A bench comprising Chief Justice S. A. Bobde and Justices A. S. Bopanna and V. Ramasubramanian was hearing a petition filed by Suman Kumar who has submitted that “the said notification dated 03.01.2020 is constitutionally impermissible in as much as there is no rational basis for the categorization and classification for the purpose of requirement of regulatory professionals i.e. company secretaries, as the necessity of compliance of Companies Act is sacrosanct and absolute and any compromise by way of classification on a ground of paid-up capital cannot be treated as a reasonable classification and exempting the companies from the regulatory compliances on the basis of irrational and unreasonable classification under the garb of paid up capital is discriminatory in as much as it infringes Article 14 of the Constitution of India.”
The petitioner has further contented that the notification fails to stand the test of “Reasonable Restriction” and “Intelligible Differentia” as the intention of classification on the basis of paid-up capital is to exempt the group of the companies from the mandatory compliances of laws cannot be said to be reasonable classification in the light of the fact that the compliance of the law shall have to be uniform irrespective of the size or turnover or any other criteria of the companies.
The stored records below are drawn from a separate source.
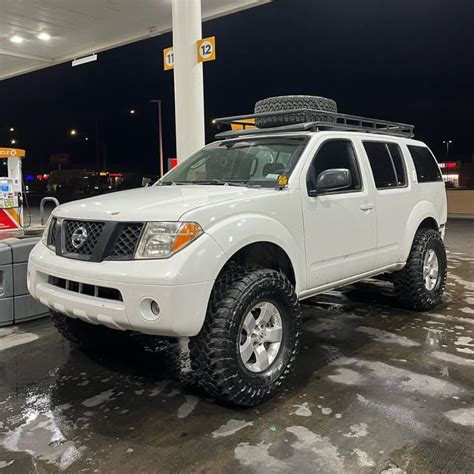 Nissan Pathfinder R51 variklio skyrius
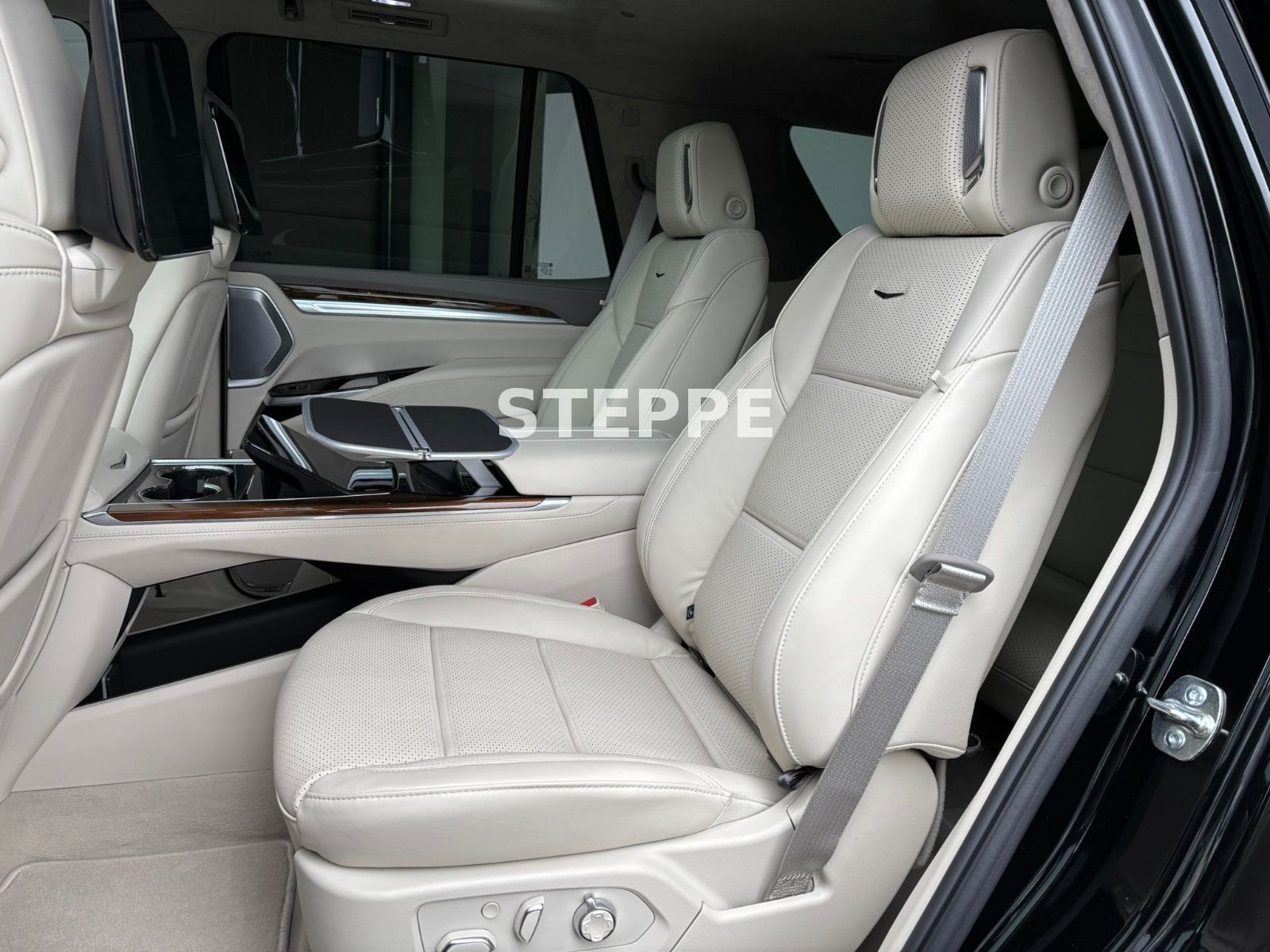 Cadillac Escalade FACELIFT MY26 6.2 V8 Sport Platinum 24"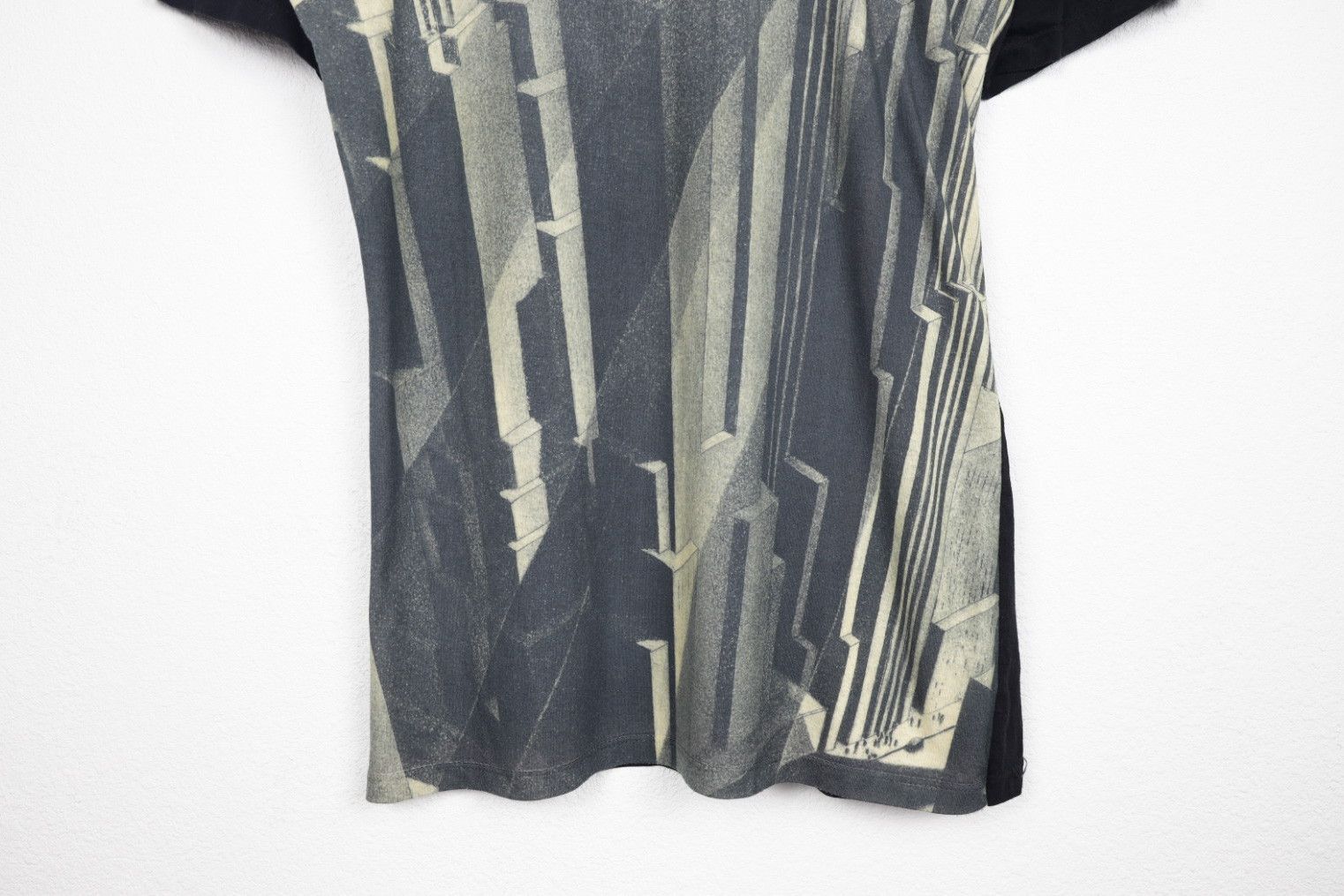 MoMA The Metropolitan Museum of Art New York Graphic 3D Tee Size US S / EU 44-46 / 1 - 3 Thumbnail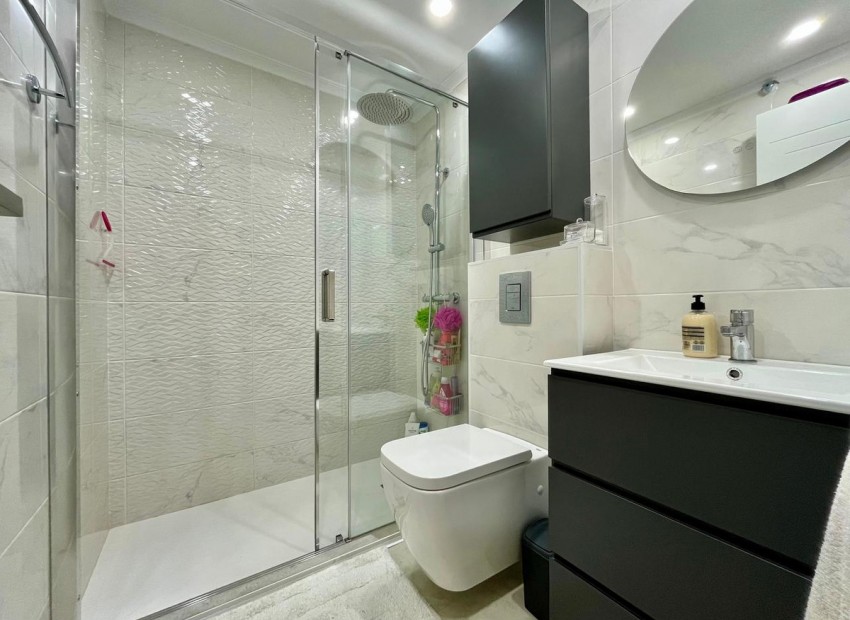 Resale - Appartement - Torrevieja - Torrevieja Centro
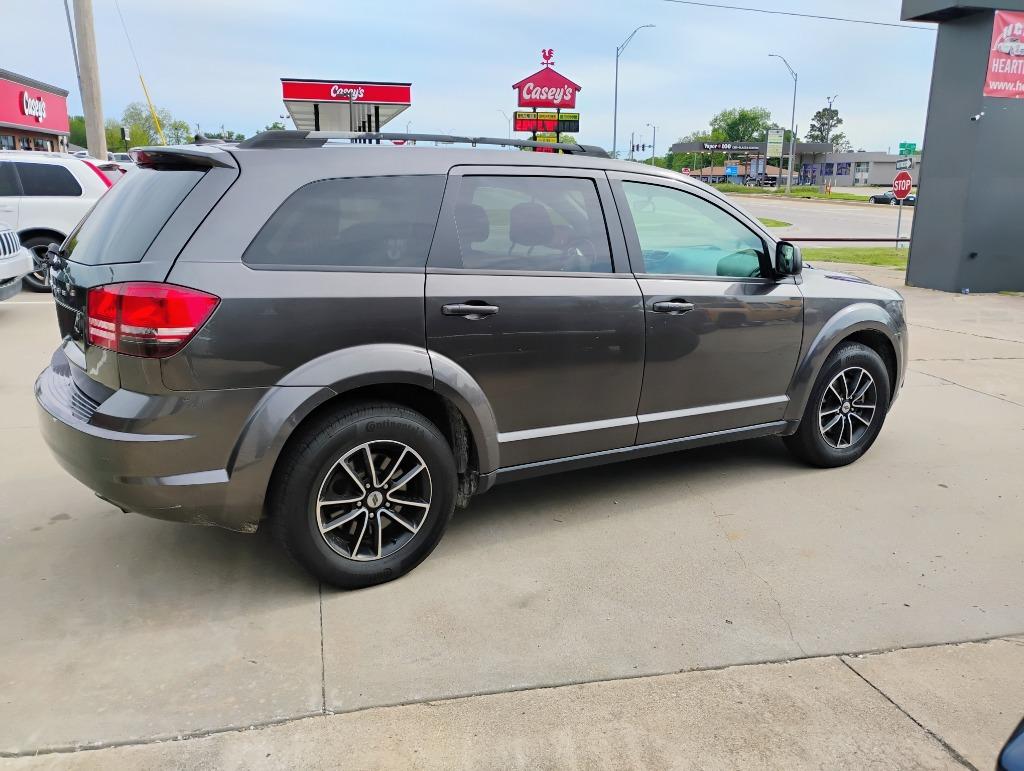 2018 Dodge Journey SE photo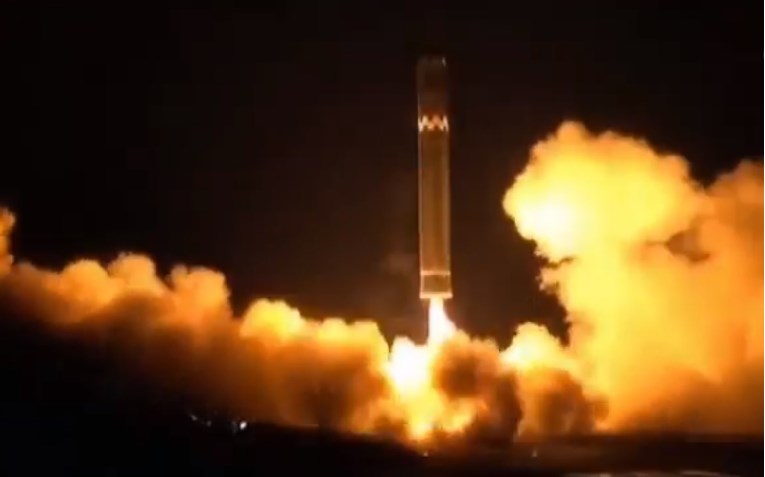 VIDEO Objavljena snimka lansiranja rakete Sjeverne Koreje: "Može doseći istočnu obalu SAD-a"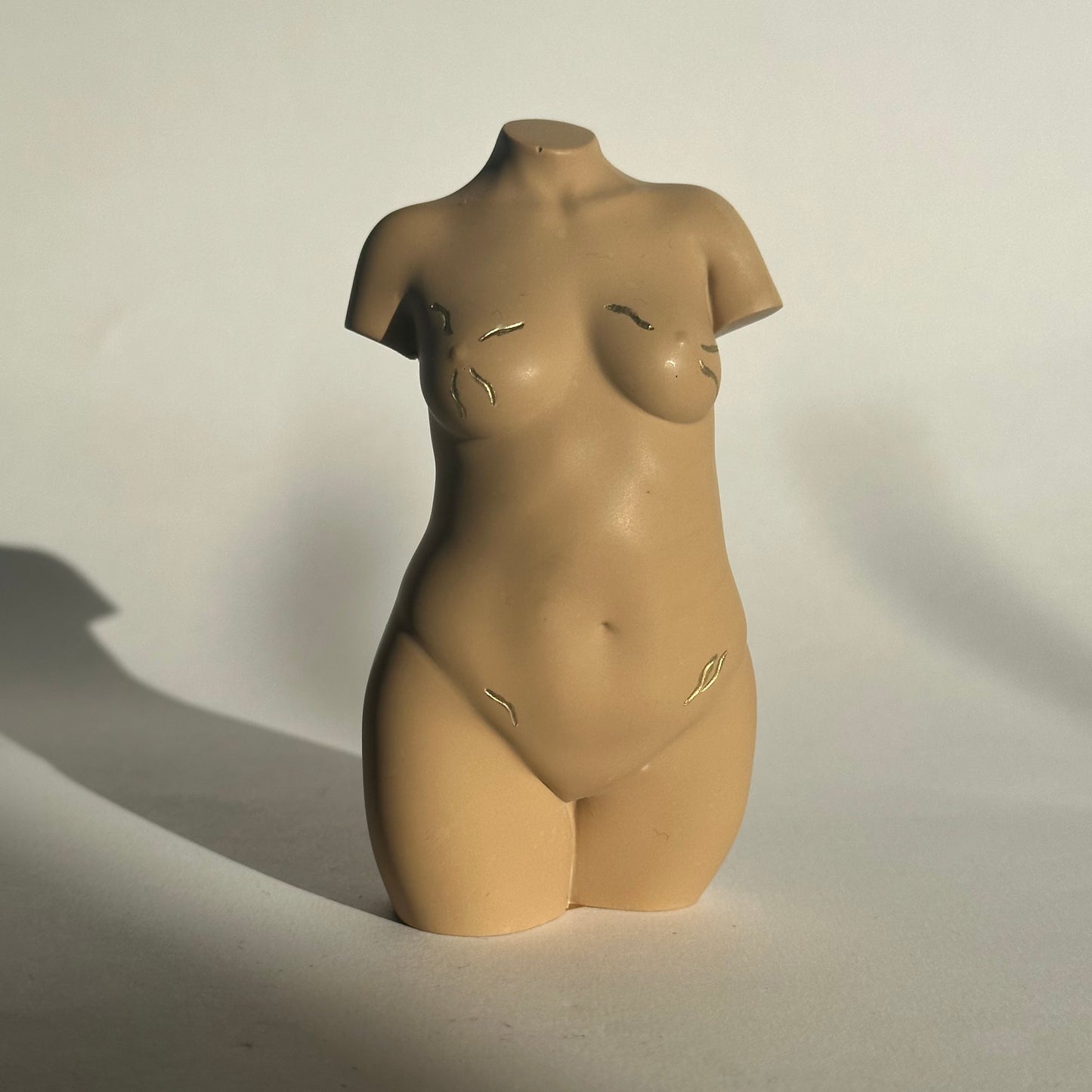 curvy body sculpture with stretch marks [4 inch] - ready to ship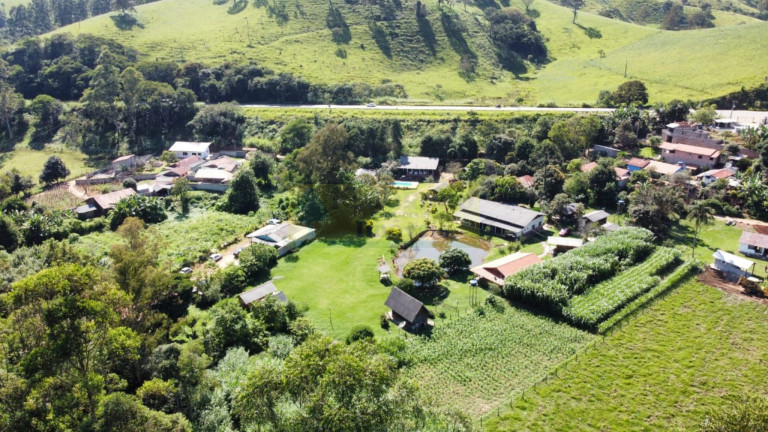 Imagem Imóvel com 13 Quartos à Venda, 10.000 m² em Sapucaí Mirim - Sapucaí Mirim Imagem Imóvel com 13 Quartos à Venda, 10.000 m² em Sapucaí Mirim - Sapucaí Mirim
The petitioner has also submitted that the un-reasonability of this exemption shall further aggravate the corporate lawlessness and shall encourage possible fraudster to commit offenses of syphoning of public money by way of taking advantage of legal lacuna in form of irrational exemption on the basis of paid-up capital.
Hence, the petitioner is seeking comprehensive guidelines for evolving of the robust mechanism for regulating the proper operations and effective enforcement of corporate governance in all companies irrespective of their paid up capital in order to minimize the incidences of financial and administrative irregularities.